La problématique d’errance diagnostique est exacerbée en Outre-mer. "L’éloignement rend la situation plus difficile. On travaille énormément pour développer des synergies, pour pallier le manque d’infrastructures locales. L’objectif est d’accompagner les gens et de compenser un manque de ressources humaines en local, pour pouvoir apporter l’assistance nécessaire, par téléphone ou par email", explique Agnès Le Dréau, déléguée générale de Maladies Rares Info Service. La plateforme oriente patients et professionnels vers les interlocuteurs adaptés.

C’est important de tisser des liens. Outre-mer, on est éloigné territorialement et, en plus, quand on a une maladie rare, on se sent seul. Savoir qu’il y a d’autres personnes concernées, ça aide.

Agnès Le Dréau, déléguée générale de Maladies Rares Info Service.

"On aide ceux qui sont en situation d’errance, on essaye de les orienter vers les centres experts compétents le plus proche, en Outre-mer ou dans l'Hexagone. On répond à certaines questions sur les maladies. On peut aussi apporter des conseils juridiques", détaille Agnès Le Dréau.

Améliorer les chances de survies ou le quotidien des malades

Diagnostiquer rapidement améliore les chances de survie des malades. Il y a quelques mois, on vous racontait l’histoire d’Ibrahima, un petit garçon d’origine martiniquaise atteint d’amyotrophie spinale, sauvé grâce à la thérapie génique parce qu’il avait été dépisté assez tôt.

Ibrahima, deux ans et demi, a pu bénéficier d'un traitement révolutionnaire grâce aux dons du Téléthon.

Chaque année, une centaine de bébés naissent en France avec une forme plus ou moins grave de cette maladie, mais le système de dépistage néonatal n’est pas encore généralisé. "Ceux qui sont traités conservent des symptômes, ceux qui ne le sont pas sont envoyés à la mort, résume Christian Cottet, bénévole à l’AFM-Téléthon.
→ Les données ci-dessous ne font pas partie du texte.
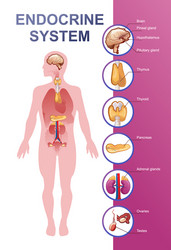 Endocrine system Royalty Free Vector Image - VectorStock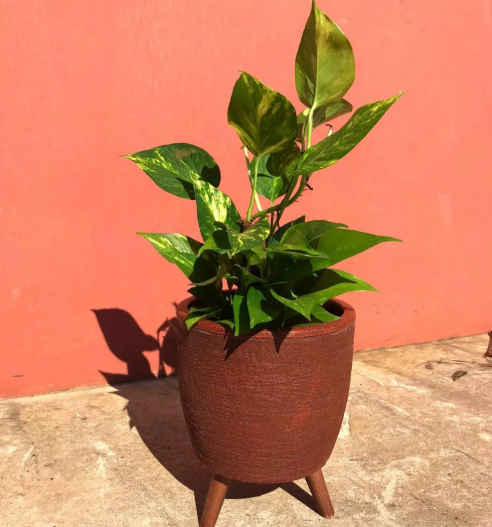 Como escolher plantas para área externa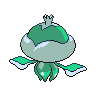 Back Shiny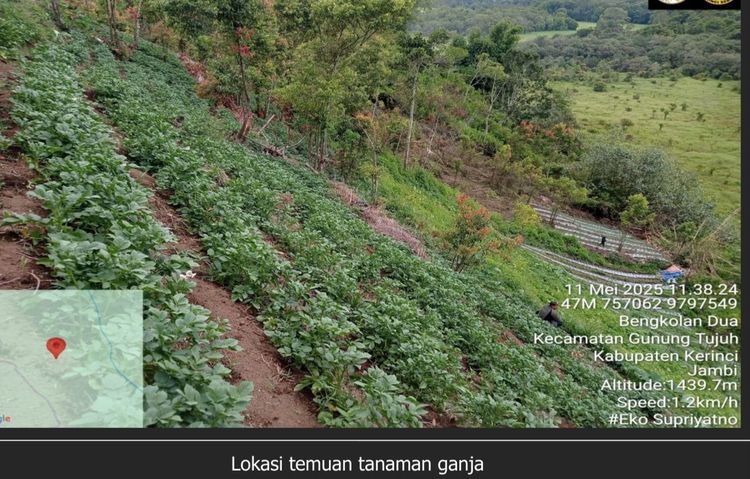 BBTNKS: 19 Batang Ganja yang Ditemukan di Kerinci, Tidak Berada di Dalam Kawasan Taman Nasional Kerinci Seblat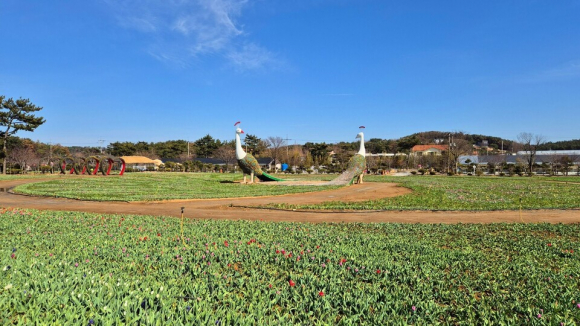 ‘2026 태안 세계 튤립 꽃박람회’를 앞둔 축제장 준비 현장.&nbsp;[사진 제공 네이처월드. 재판매 및 DB 금지]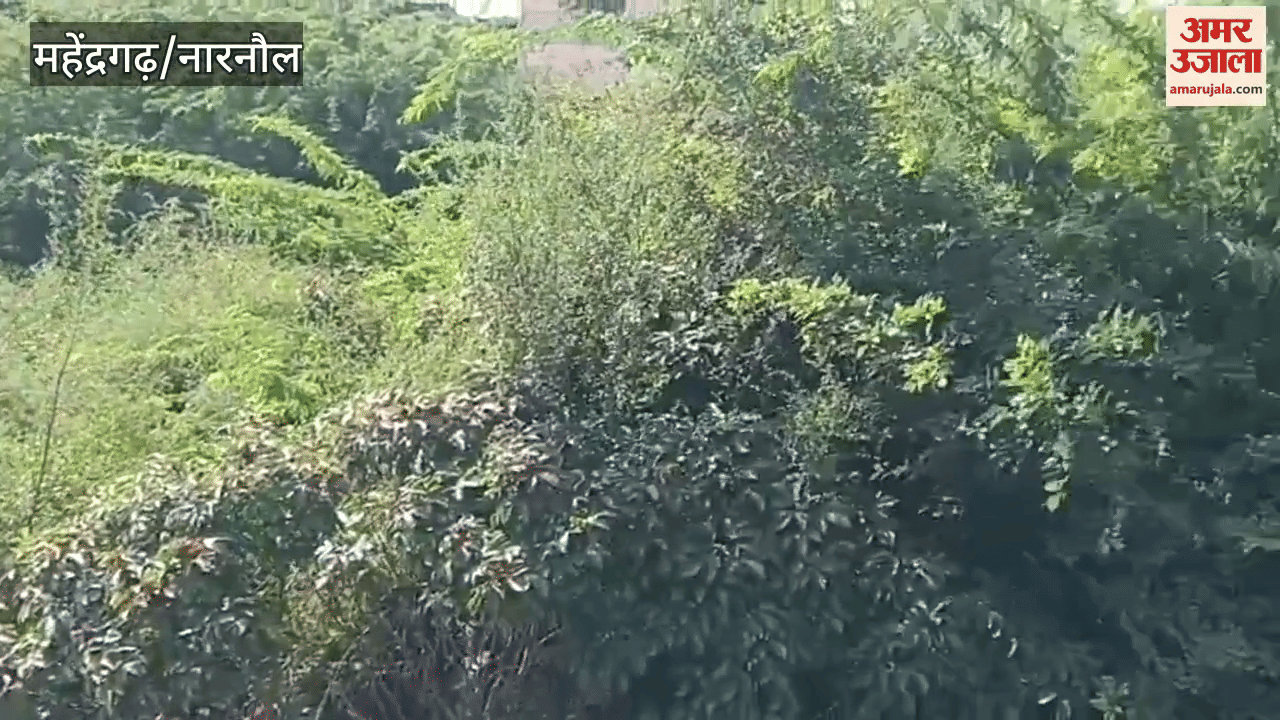 Body of a person found on Delhi-Mumbai Front Corridor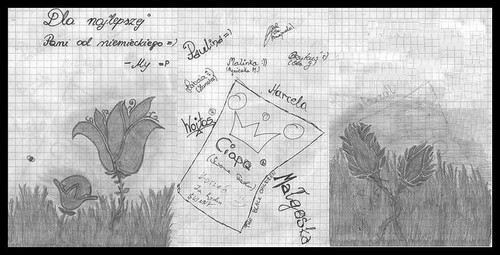 Wpis szopi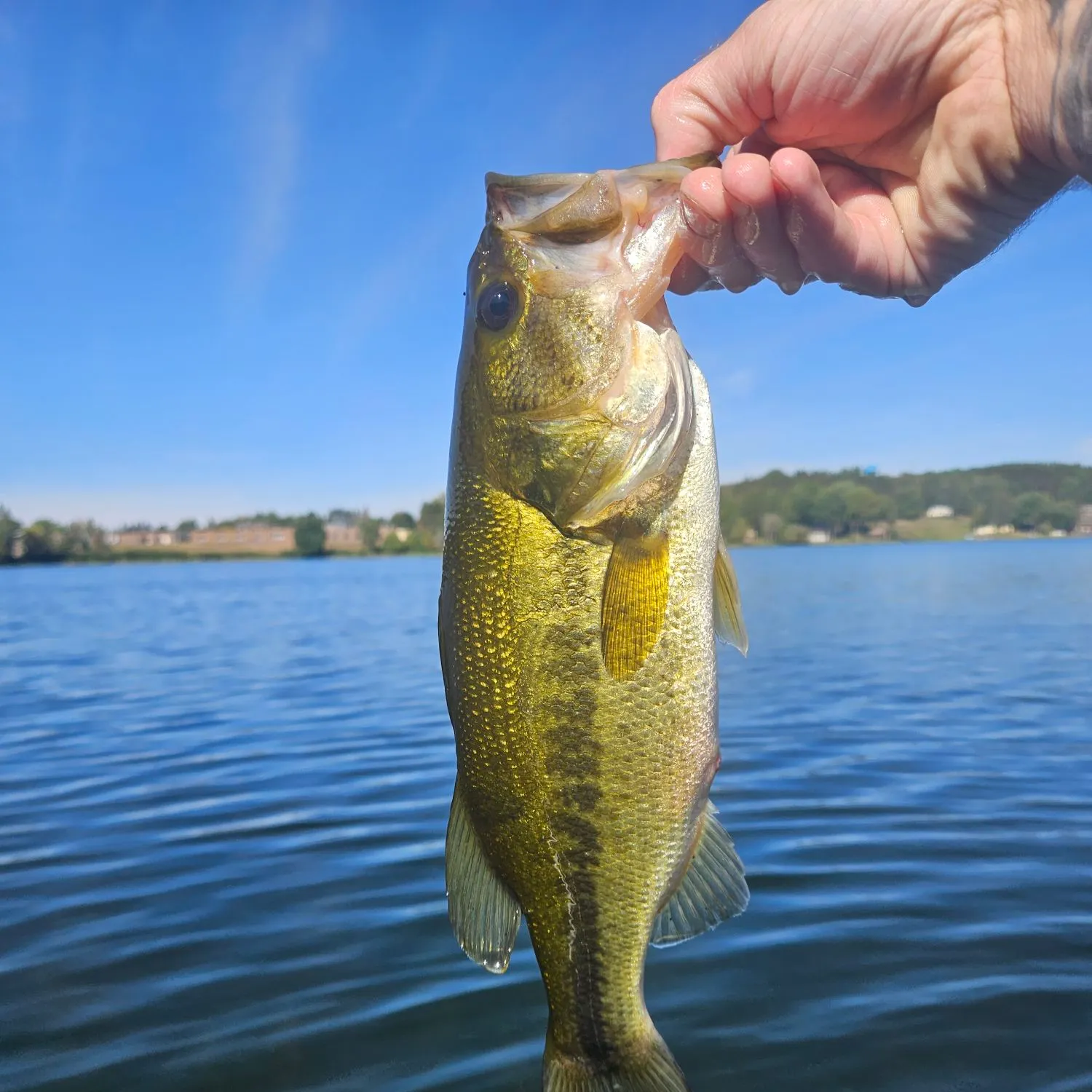 Largemouth bass caught on Fishbrain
La moitié de la population de bébés malades meurt alors que des traitements existent !"

Une situation incompréhensible pour les parents d’enfants souffrant de maladies rares. "J’ai perdu ma fille, mais je savais qu’on ne pouvait rien faire pour la sauver. Mais c’est inacceptable de perdre un enfant quand un traitement existe parce qu’il n’a pas été dépisté !", pointe Hélène Berrue Gaillard, la présidente de l'association Alliance Maladies Rares.

Développer des traitements

On ne dispose de traitements que pour 5 % des maladies rares. C’est peu, mais c’est bien mieux qu’il y a 25 ou 30 ans, notamment grâce aux fonds levés chaque année pendant le Téléthon. Certains médicaments candidats, jugés trop peu rentables, ne sont jamais développés. Pourtant, les stratégies innovantes initiées pour soigner des maladies rares peuvent à terme bénéficier à des malades souffrant de pathologie beaucoup plus fréquentes.

Le IIIe plan d’action de l’État consacré aux maladies rares a mis en place une base de données des situations d’impasses et d’errance diagnostiques. La base, alimentée par les médecins, permet d’identifier les cas où tout a été testé, pour ensuite orienter les patients vers un séquençage génétique. L’intelligence artificielle pourrait à l'avenir permettre d’exploiter plus efficacement ces données et de faire avancer la recherche.